*Assignment:* Begin your copy at the line holding "Jaqueta Tommy Jeans" and end it at the last line of the listing. Keep every line exact and leave out the pictures.

*Collected data:*

━━━━━━━━━━━━━━━━

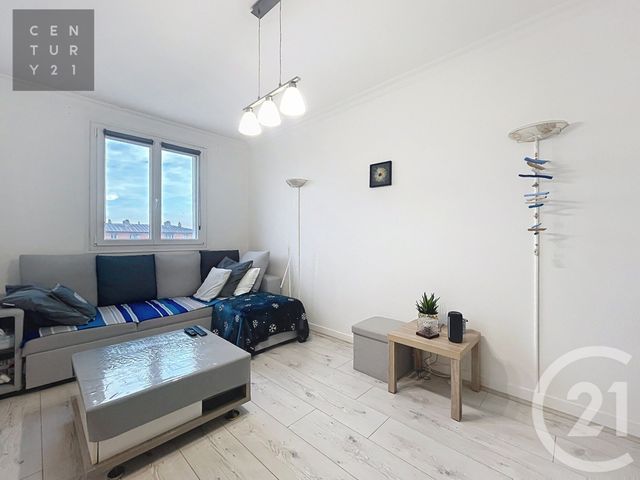 Appartement F3 &agrave; vendre - 4 pi&egrave;ces - 76,80 m2 - St Julien Les Villas - 10 - CHAMPAGNE-ARDENNE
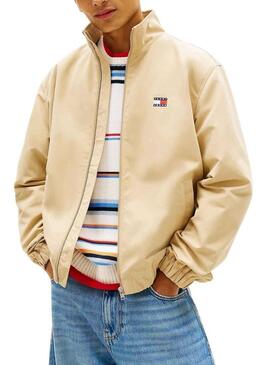 Jaqueta Tommy Jeans Essential beige para homem.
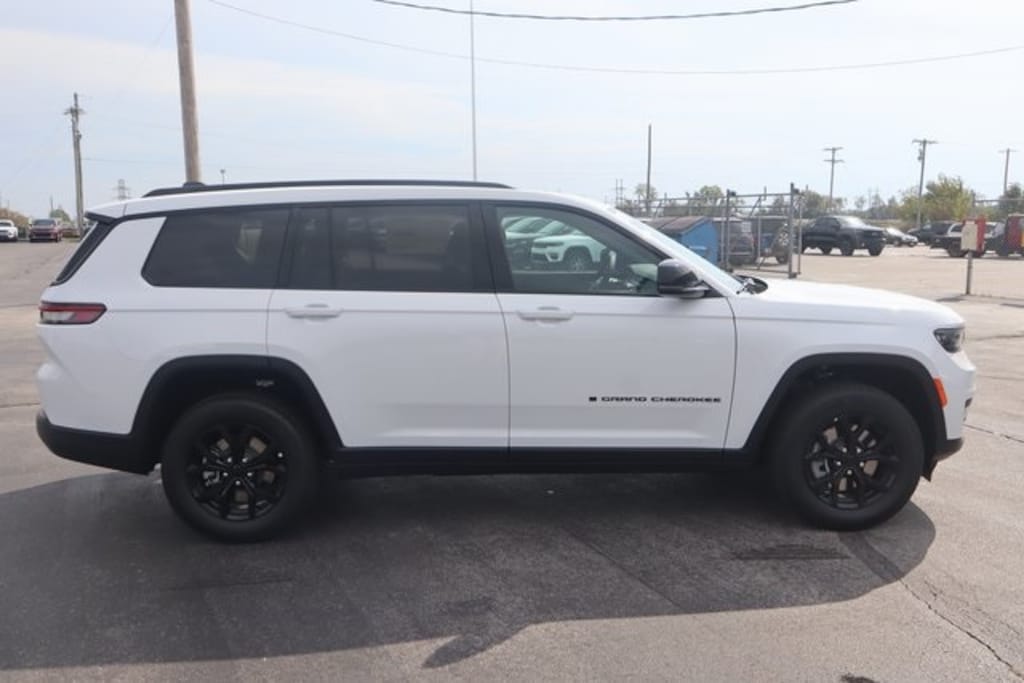 New 2025 Jeep Grand Cherokee L ALTITUDE X 4X4 Sport Utility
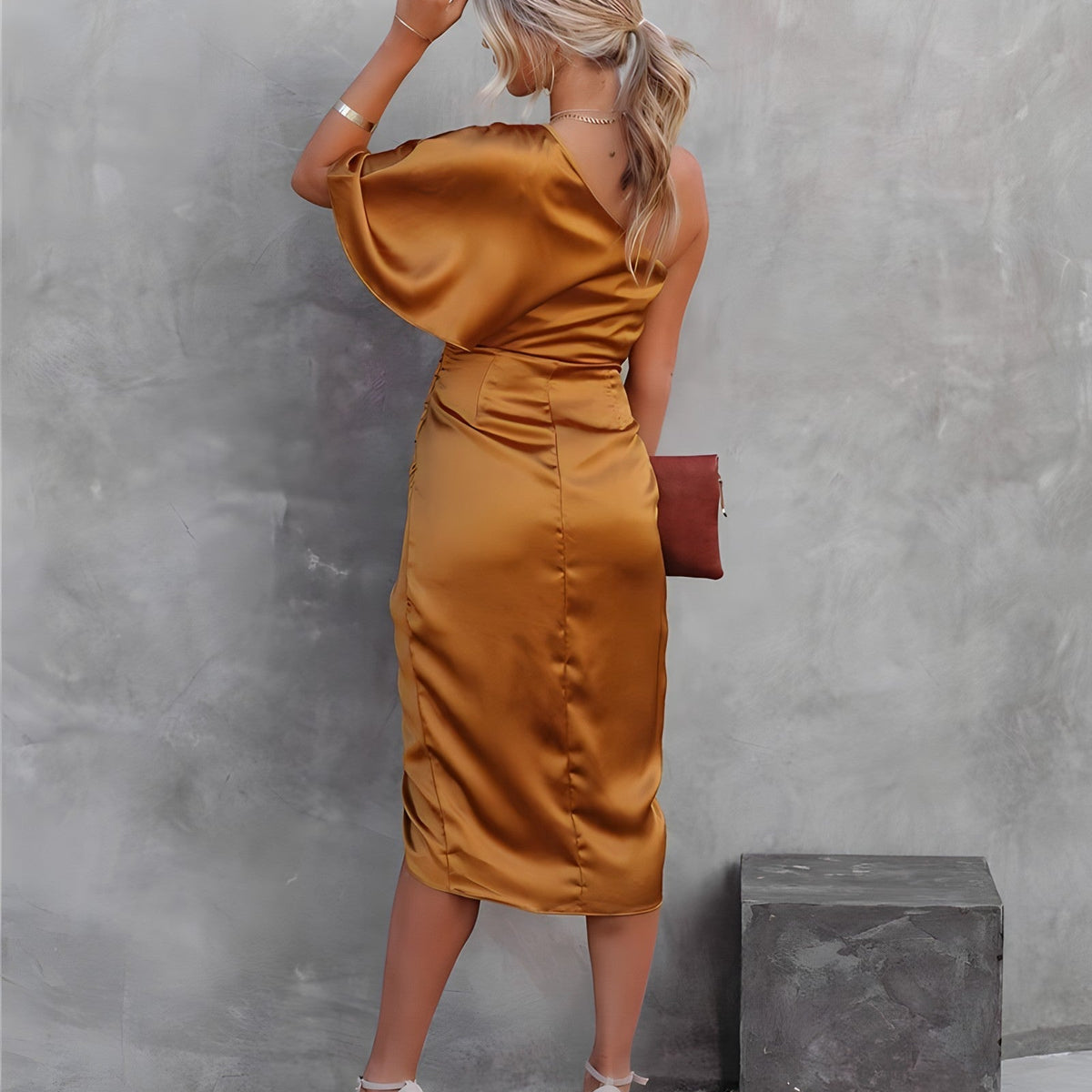 VM – Elegante Zijden Jurk met Luxe Uitstraling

━━━━━━━━━━━━━━━━

*Task response:*
 Jaqueta Tommy Jeans Essential beige para homem.
 New 2025 Jeep Grand Cherokee L ALTITUDE X 4X4 Sport Utility
 VM – Elegante Zijden Jurk met Luxe Uitstraling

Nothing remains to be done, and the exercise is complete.